• AIM OF THE TASK:
From the line that includes "聖佩德羅的住宿－Buen Descanso 2，一间卧室设有一张大床和一个窗户。" to the last line of the records that follow, copy every line exactly and nothing more, omitting pictures.

Dataset records:
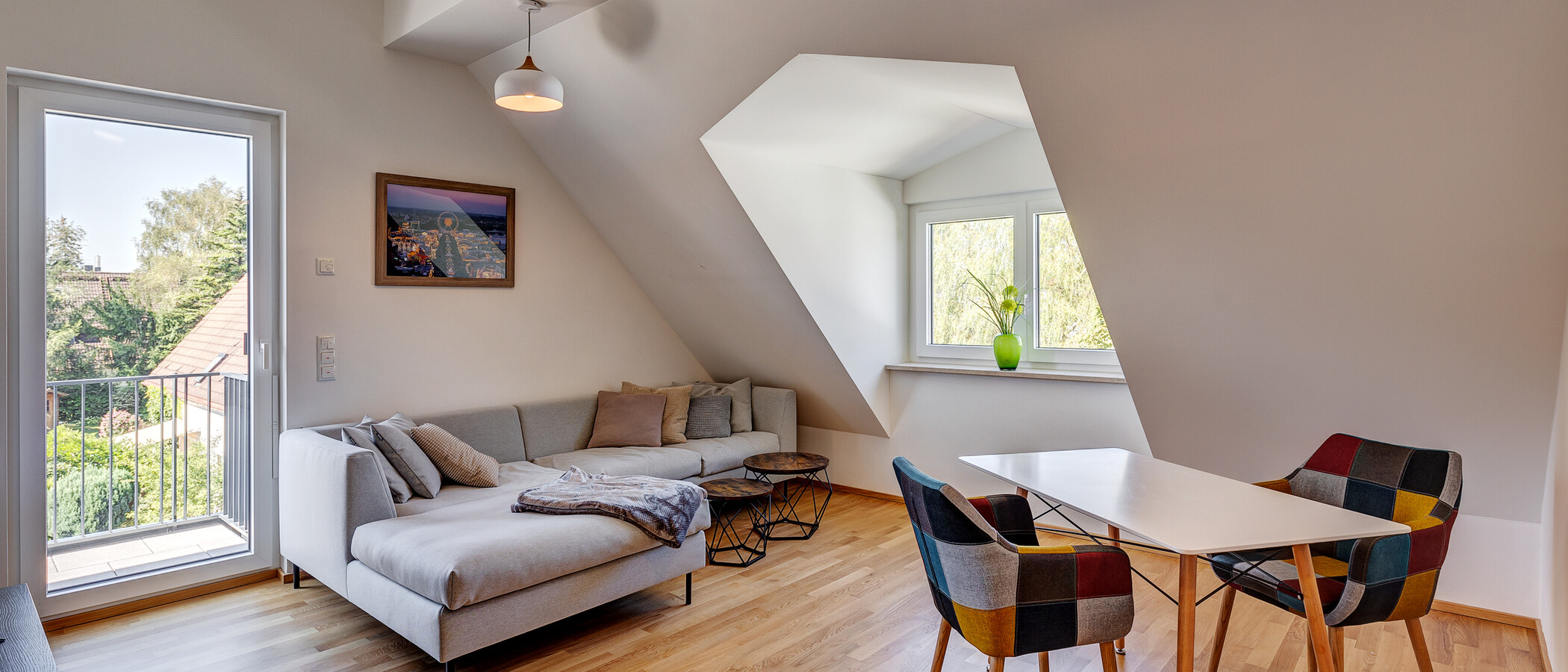 Dachgeschosswohnung München Trudering 01 Wohnbereich 13137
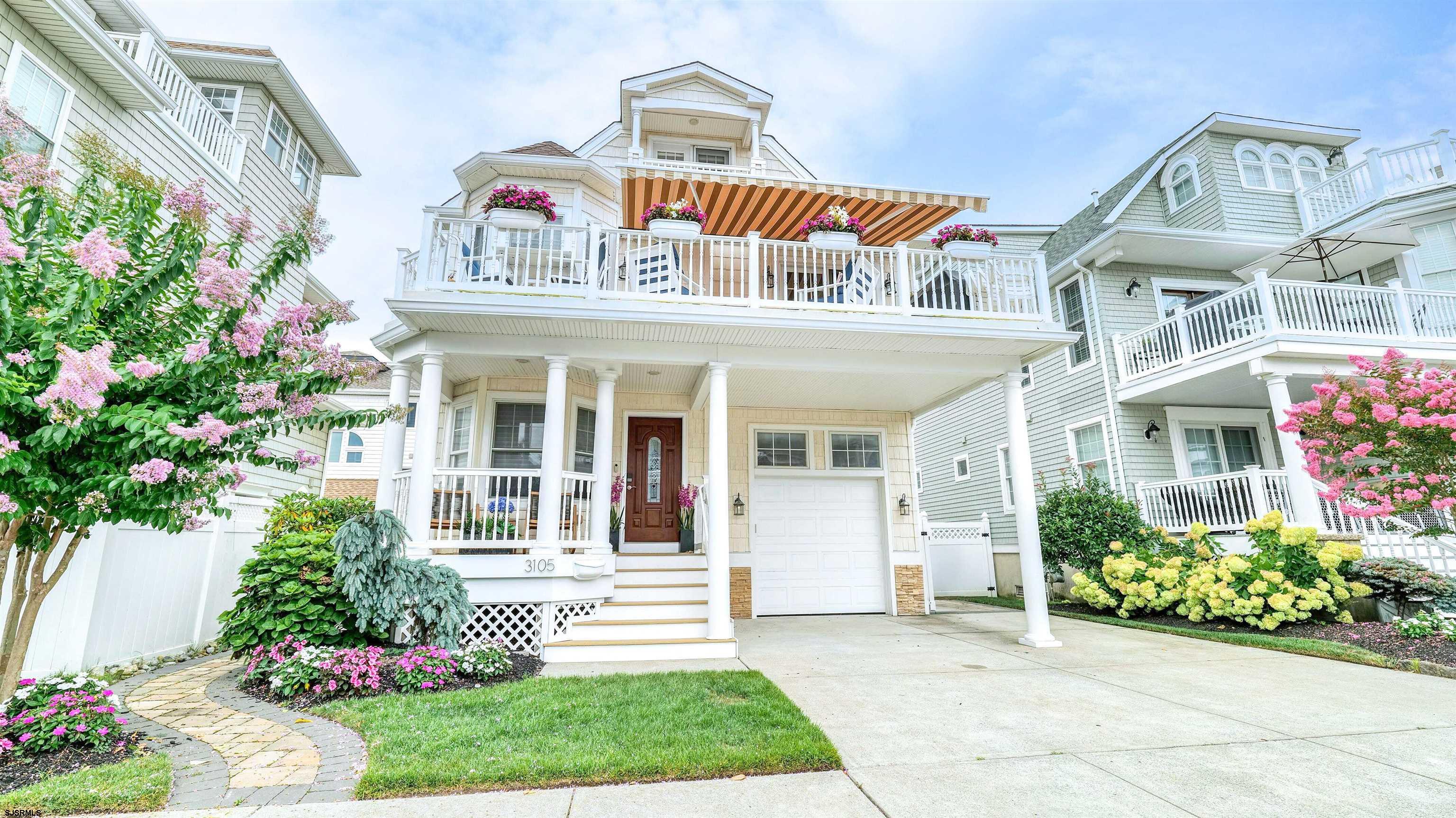 3105 Pacific Ave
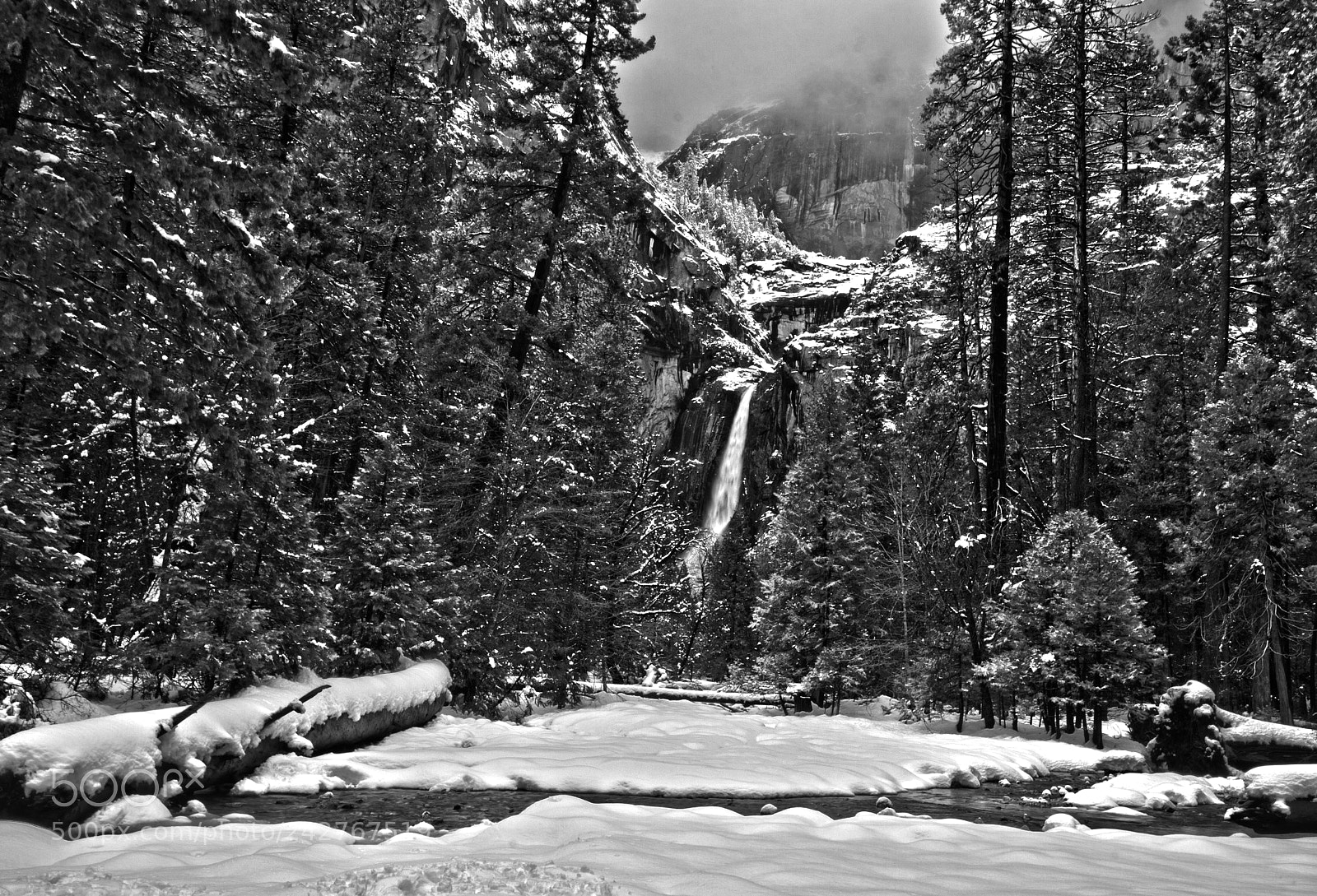 Canon EOS 400D (EOS Digital Rebel XTi / EOS Kiss Digital X) sample photo. Infared yosemite photography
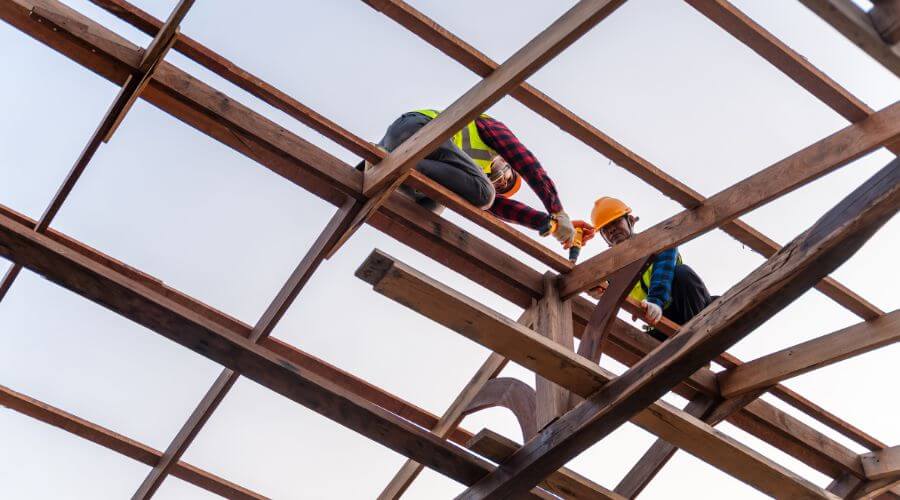 Professional gutter cleaning services in Rio Vista, TX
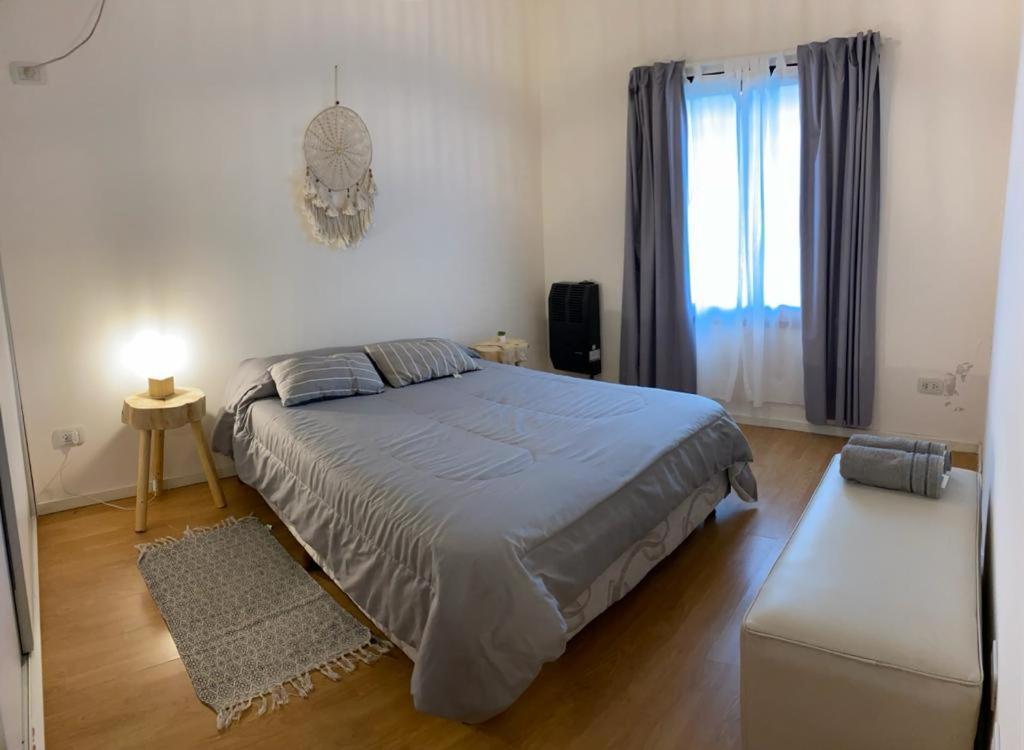 聖佩德羅的住宿－Buen Descanso 2，一间卧室设有一张大床和一个窗户。
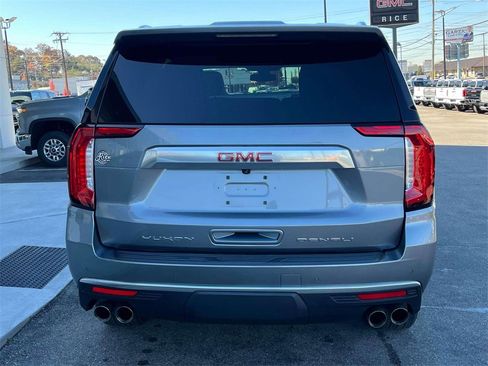 Used 2021 GMC Yukon Denali image 4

• TASK RESPONSE:
 聖佩德羅的住宿－Buen Descanso 2，一间卧室设有一张大床和一个窗户。
 Used 2021 GMC Yukon Denali image 4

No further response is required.